Três tipos de relacionamentos entre ordenamentos:


1. Espacial e material em comum, mas não o temporal. Ordenamentos estatais que se
sucedem no tempo no mesmo território. Relacionamento entre ordenamento velho e
ordenamento novo, como se dá na sequência de uma revolução. A revolução opera,

36
contudo, uma interrupção, mas não uma completa solução de continuidade. A melhor
explicação é a que se utiliza da RECEPÇÃO: no novo ordenamento, tem lugar uma
recepção de boa parte do velho. As normas pertencem apenas materialmente ao
ordenamento velho. Formalmente, são todas normas do ordenamento novo, por serem
válidas com base na norma fundamental do novo. A RECEPÇÃO É UM ATO
JURÍDICO COM O QUAL UM ORDENAMENTO ACOLHE E TORNA SUAS AS
NORMAS DE OUTRO ORDENAMENTO, ONDE TAIS NORMAS PERMANECEM
MATERIALMENTE IGUAIS, MAS NÃO SÃO MAIS AS MESMAS COM RESPEITO À
SUA FORMA.
a. Três definições jurídicas de “revolução”:
i. ROMANO: revolução é um fato jurídico e tem autonomia jurídica. É uma
instituição, por ser uma organização estatal em um embrião, um
ordenamento jurídico em si mesmo, diferente do anterior e do posterior.
ii. KELSEN: revolução é fato juridicamente qualificado pelo Direito
internacional. Ordenamento diferente do estatal.
iii. Revolução é fato jurídico do ponto de vista do próprio Direito interno do
Estado.

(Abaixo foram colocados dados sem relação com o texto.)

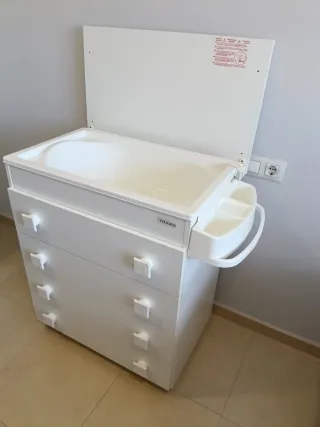 Cómoda y bañera para bebé Trama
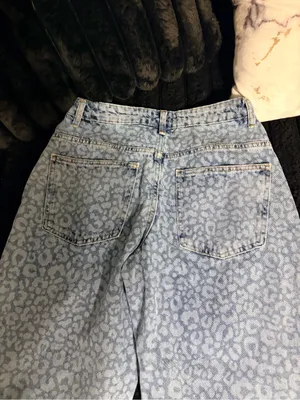 Nasty Gal Light Blue Leopard Wide-Leg Jeans thumbnail 8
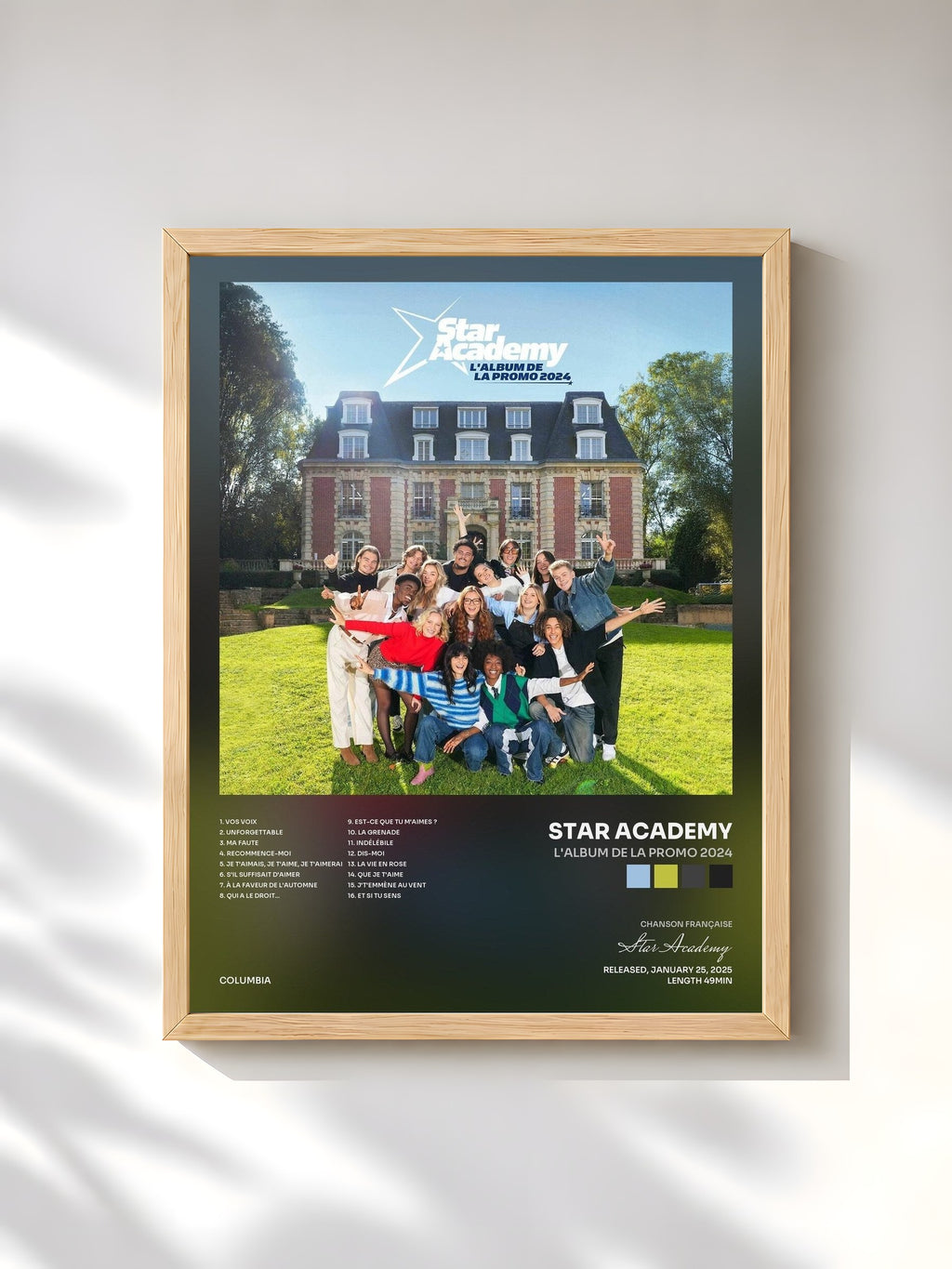 #bois Tableau de l'album L'album de la promo 2024 de Star Academy, cadre en bois brut, imprimé et encadré en France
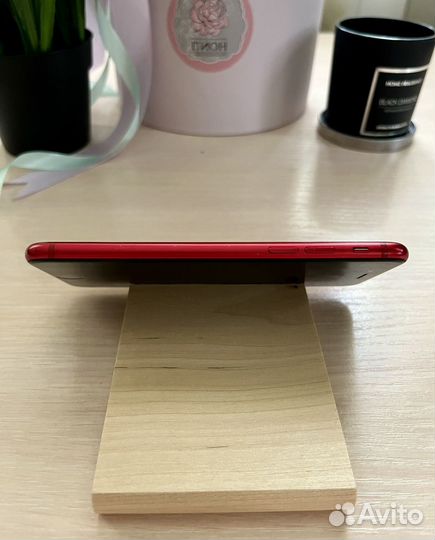 iPhone SE (2020), 64 ГБ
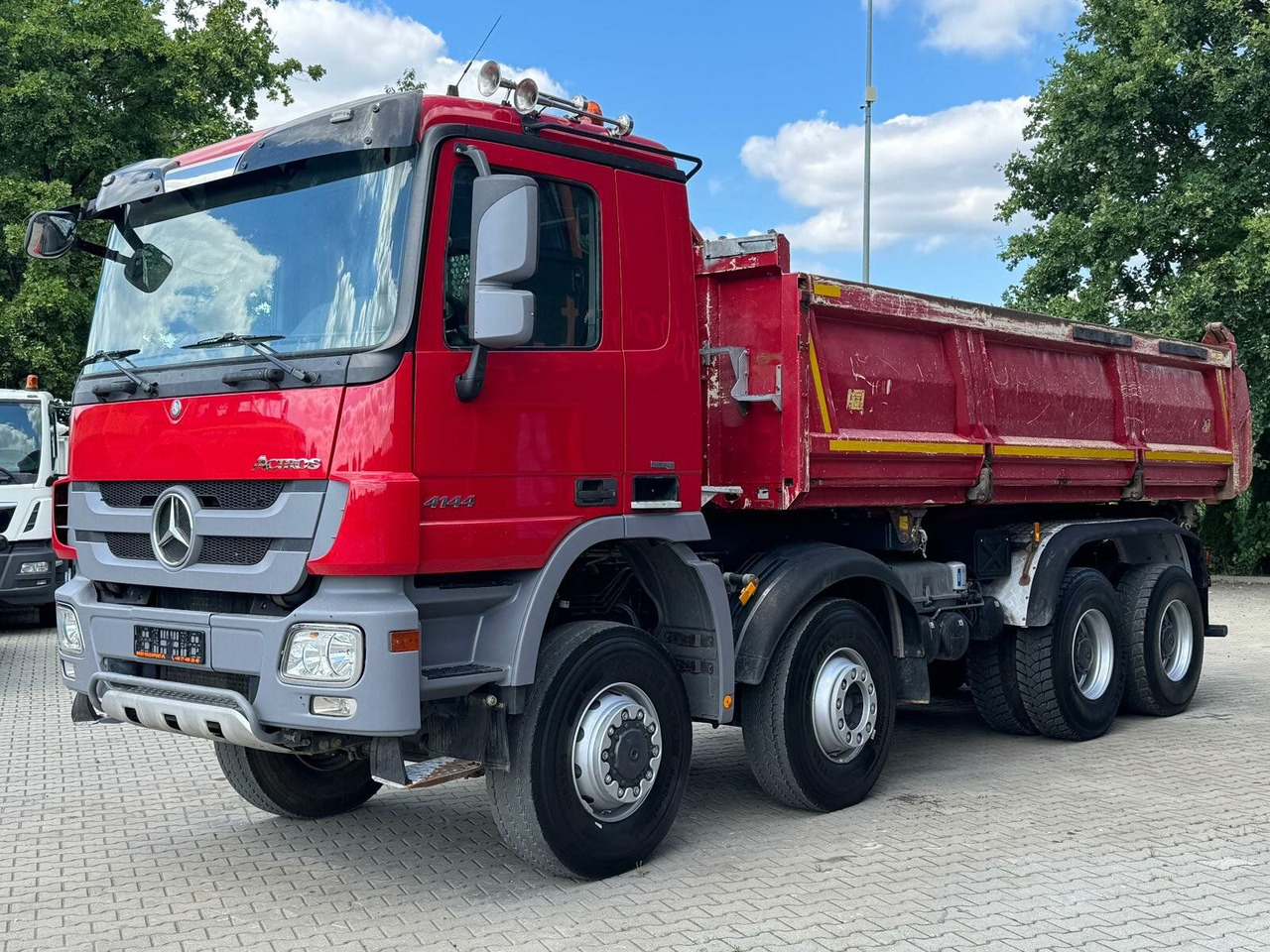 Mercedes-Benz ACTROS 4144 8x6 EURO5 Kipper mit Bordmatik - Kipper vrachtwagen: afbeelding 1 Mercedes-Benz ACTROS 4144 8x6 EURO5 Kipper mit Bordmatik - Kipper vrachtwagen: afbeelding 1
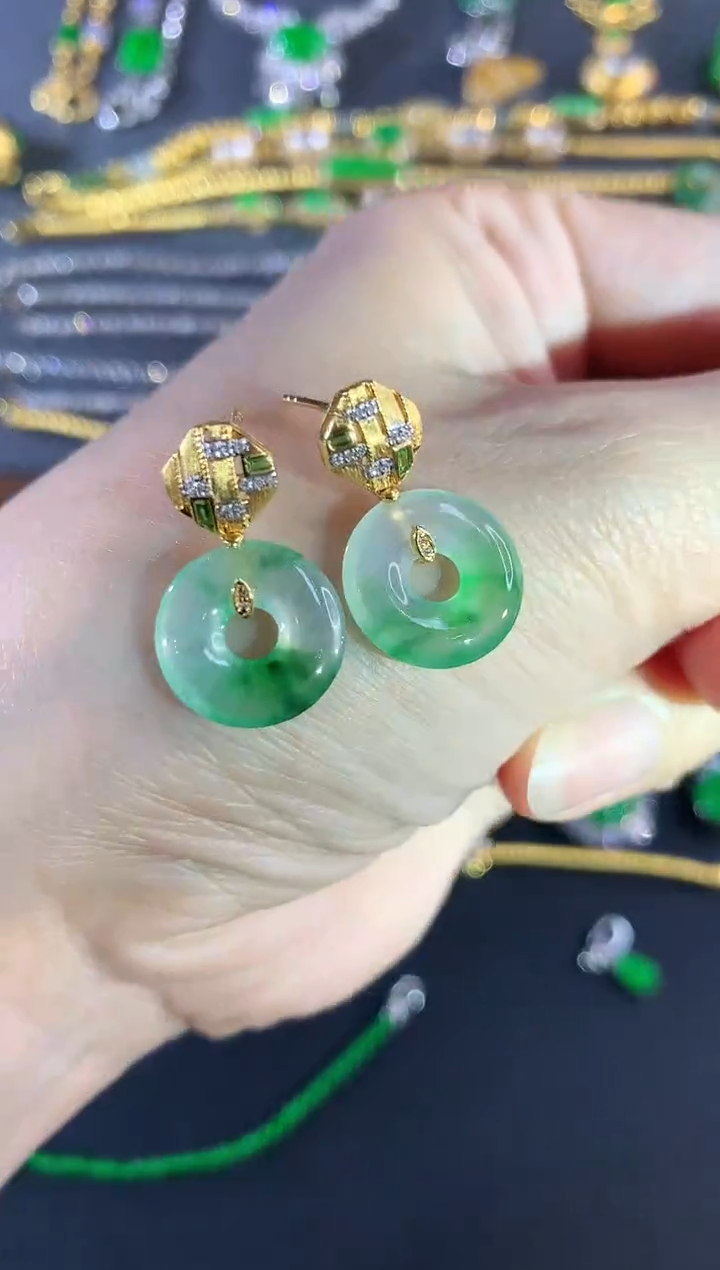 18K金镶嵌翡翠耳饰257|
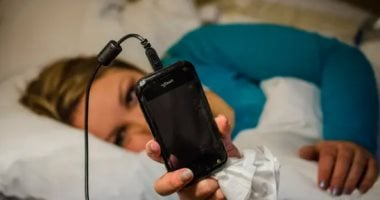 خطر الحرائق ليس وحده: أضرار صحية من ترك الهاتف على الشاحن قرب النوم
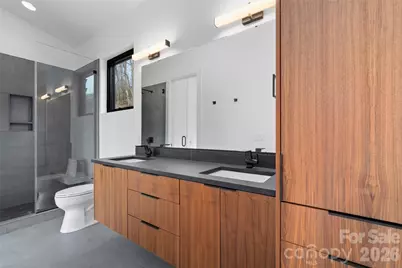 751 New Sprout Lane, Hendersonville, NC 28732 - Photo 24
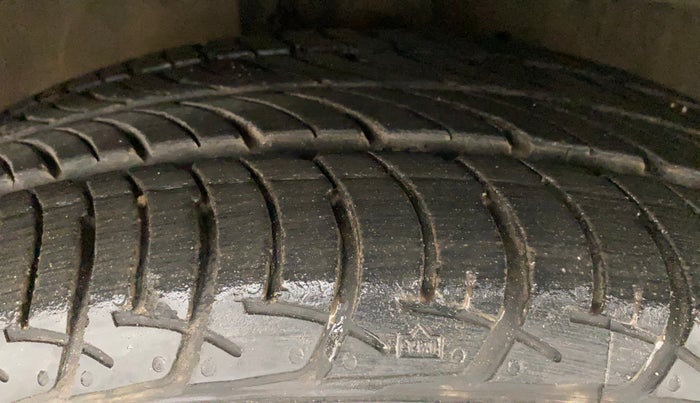 2016 Maruti Celerio ZXI AMT ABS, Petrol, Automatic, 23,308 km, Right Front Tyre Tread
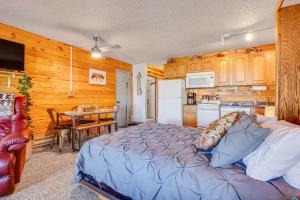 Un dormitorio con una cama y una cocina con una mesa. en 2 Mi to Granby Ranch Dog-Friendly Studio!, en Granby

É estado particular de necessidade.
2. Temporal e material em comum, mas não o espacial. Ordenamentos de dois Estados
contemporâneos, que vigem ao mesmo tempo e regulam as mesmas matérias, mas não
no mesmo território. Caso do Direito internacional privado (“normas sobre a produção
jurídica”).
a. Em geral, pode-se dizer que, em todo ordenamento moderno, há casos que são
resolvidos aplicando-se não uma norma do ordenamento, mas uma norma do
ordenamento estrangeiro. Situações particulares nas quais têm vigor, em um
ordenamento estatal, normas de outro ordenamento. Caso de REENVIO de um
ordenamento a outro, e não de recepção, porque indicam pura e simplesmente a
fonte de onde a norma deverá ser tirada, seja qual for o seu conteúdo. Aquilo a
que o ordenamento reenvia não é a matéria pela qual uma dada matéria está
regulada, mas a fonte que a regula.
3. Temporal e espacial em comum, mas não o material. Ordenamento estatal e
ordenamento da Igreja.
a. Durante séculos, foram propostos vários tipos de soluções. Reductio ad unum:
redução do Estado à Igreja (teocracia) ou da Igreja ao Estado (cesaropapismo).
Subordinação. Coordenação. Separação (igrejas como associações privadas).
b. Questão do pressuposto: situação em que o ordenamento externo é utilizado
para determinar as características de um certo fato específico, ao qual o
ordenamento interno atribui certas consequências que não são as mesmas
atribuídas pelo ordenamento externo. Diferente de reenvio e de recepção e não
é própria das relações entre Estado e Igreja!
c. Questão do reconhecimento dos efeitos civis: Estado renuncia à própria
regulamentação, limitando-se a atribuir efeitos civis à regulamentação dada pelo
ordenamento da Igreja. Exemplo mais comum: reconhecimento do matrimônio
canônico, ao qual são atribuídos os mesmos efeitos do matrimônio civil.
Procedimento que se distingue tanto do reenvio quanto da recepção.